WHAT IS NEEDED
Restate each record exactly as it was written.

──────── DATA SHOWN ────────

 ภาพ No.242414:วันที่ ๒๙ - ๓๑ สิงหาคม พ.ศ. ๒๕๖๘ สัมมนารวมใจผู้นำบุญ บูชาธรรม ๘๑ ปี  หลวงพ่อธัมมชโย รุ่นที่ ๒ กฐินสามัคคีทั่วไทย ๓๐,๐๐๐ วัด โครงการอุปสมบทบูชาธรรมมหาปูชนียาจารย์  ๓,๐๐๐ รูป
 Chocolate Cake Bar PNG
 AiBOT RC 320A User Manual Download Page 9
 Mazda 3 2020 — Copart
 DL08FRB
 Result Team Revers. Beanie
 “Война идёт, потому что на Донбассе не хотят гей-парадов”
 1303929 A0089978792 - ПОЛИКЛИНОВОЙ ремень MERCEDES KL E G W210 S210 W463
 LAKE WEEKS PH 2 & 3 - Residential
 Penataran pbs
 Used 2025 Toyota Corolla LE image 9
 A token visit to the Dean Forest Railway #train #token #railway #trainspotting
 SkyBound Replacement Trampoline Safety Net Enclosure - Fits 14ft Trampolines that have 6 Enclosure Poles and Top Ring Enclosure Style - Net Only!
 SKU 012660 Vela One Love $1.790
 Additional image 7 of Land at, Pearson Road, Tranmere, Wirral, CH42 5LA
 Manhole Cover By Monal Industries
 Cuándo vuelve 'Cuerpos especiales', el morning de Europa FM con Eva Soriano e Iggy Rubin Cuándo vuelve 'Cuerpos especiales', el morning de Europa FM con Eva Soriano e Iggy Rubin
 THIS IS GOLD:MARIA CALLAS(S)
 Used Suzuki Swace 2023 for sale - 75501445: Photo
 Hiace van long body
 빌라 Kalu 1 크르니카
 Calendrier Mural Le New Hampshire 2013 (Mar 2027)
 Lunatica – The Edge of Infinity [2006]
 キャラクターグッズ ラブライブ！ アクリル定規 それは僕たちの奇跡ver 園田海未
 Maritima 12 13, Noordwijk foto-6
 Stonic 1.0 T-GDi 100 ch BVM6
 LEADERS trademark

────────

ANSWER BOX
 ภาพ No.242414:วันที่ ๒๙ - ๓๑ สิงหาคม พ.ศ. ๒๕๖๘ สัมมนารวมใจผู้นำบุญ บูชาธรรม ๘๑ ปี  หลวงพ่อธัมมชโย รุ่นที่ ๒ กฐินสามัคคีทั่วไทย ๓๐,๐๐๐ วัด โครงการอุปสมบทบูชาธรรมมหาปูชนียาจารย์  ๓,๐๐๐ รูป
 Chocolate Cake Bar PNG
 AiBOT RC 320A User Manual Download Page 9
 Mazda 3 2020 — Copart
 DL08FRB
 Result Team Revers. Beanie
 “Война идёт, потому что на Донбассе не хотят гей-парадов”
 1303929 A0089978792 - ПОЛИКЛИНОВОЙ ремень MERCEDES KL E G W210 S210 W463
 LAKE WEEKS PH 2 & 3 - Residential
 Penataran pbs
 Used 2025 Toyota Corolla LE image 9
 A token visit to the Dean Forest Railway #train #token #railway #trainspotting
 SkyBound Replacement Trampoline Safety Net Enclosure - Fits 14ft Trampolines that have 6 Enclosure Poles and Top Ring Enclosure Style - Net Only!
 SKU 012660 Vela One Love $1.790
 Additional image 7 of Land at, Pearson Road, Tranmere, Wirral, CH42 5LA
 Manhole Cover By Monal Industries
 Cuándo vuelve 'Cuerpos especiales', el morning de Europa FM con Eva Soriano e Iggy Rubin Cuándo vuelve 'Cuerpos especiales', el morning de Europa FM con Eva Soriano e Iggy Rubin
 THIS IS GOLD:MARIA CALLAS(S)
 Used Suzuki Swace 2023 for sale - 75501445: Photo
 Hiace van long body
 빌라 Kalu 1 크르니카
 Calendrier Mural Le New Hampshire 2013 (Mar 2027)
 Lunatica – The Edge of Infinity [2006]
 キャラクターグッズ ラブライブ！ アクリル定規 それは僕たちの奇跡ver 園田海未
 Maritima 12 13, Noordwijk foto-6
 Stonic 1.0 T-GDi 100 ch BVM6
 LEADERS trademark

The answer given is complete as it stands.